BEGIN DATASET EXCERPT
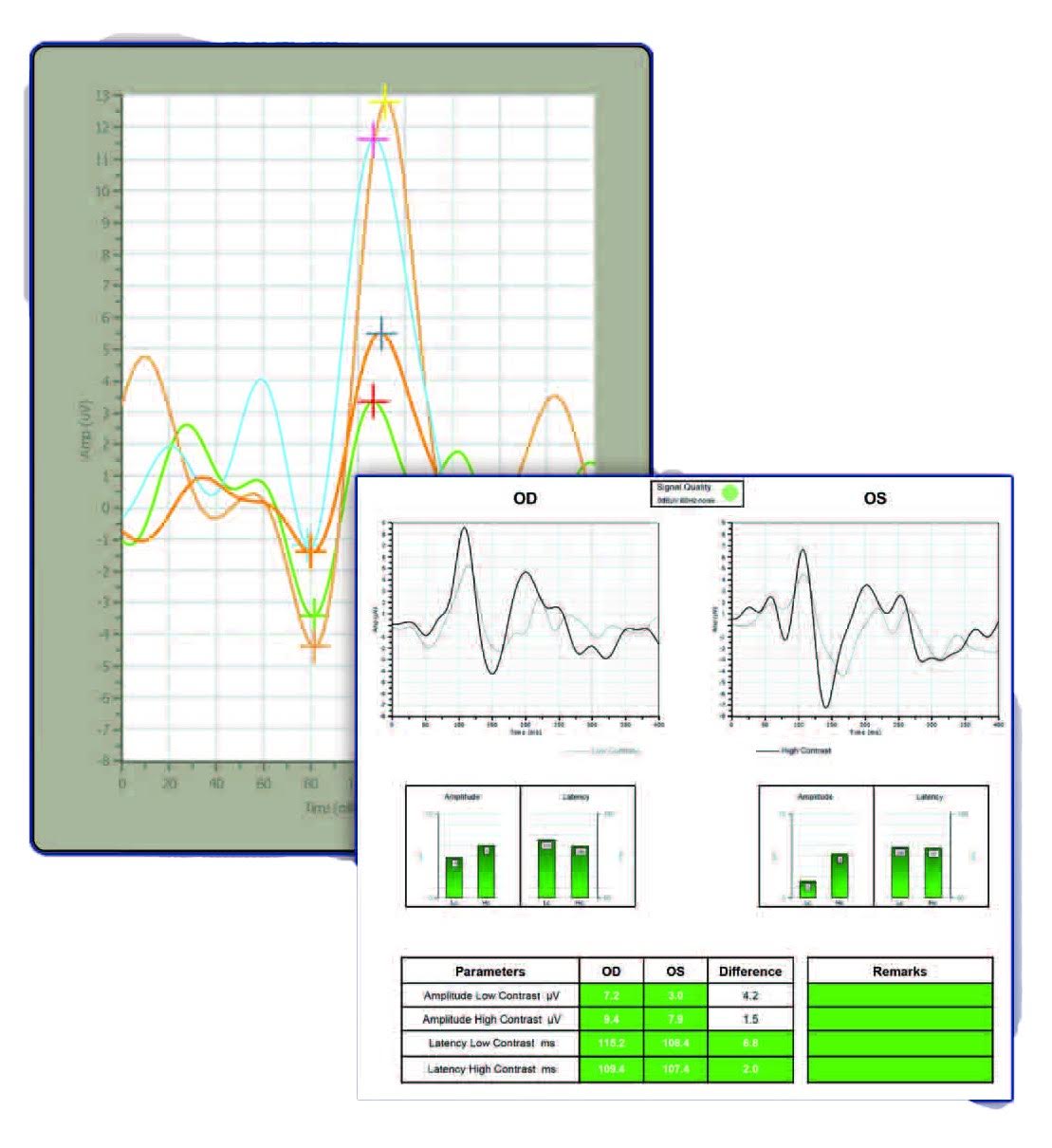 Diopsys® ERG vision test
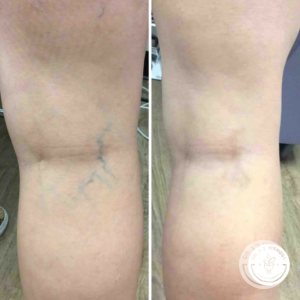 Before and after sclerotherapy in Nashville, TN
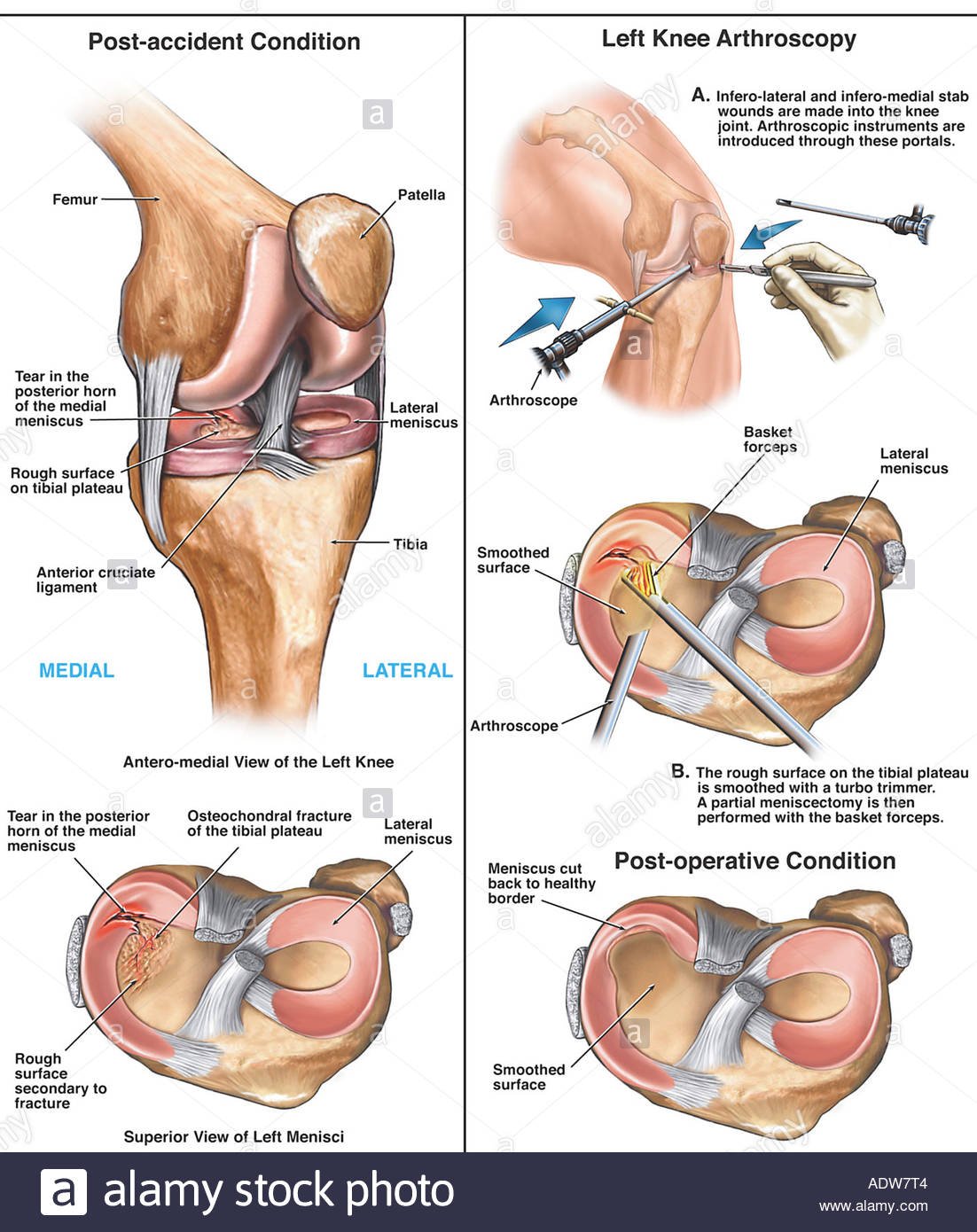 Total Knee Replacement (TKR) Techniques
END DATASET EXCERPT
* _ASSIGNMENT_:
Lines from the one containing "Before and after" through the end of the listing, both included, are to be restated exactly, and pictures are to be left out.

* _RESPONSE FOR THIS EXERCISE_:
 Before and after sclerotherapy in Nashville, TN
 Total Knee Replacement (TKR) Techniques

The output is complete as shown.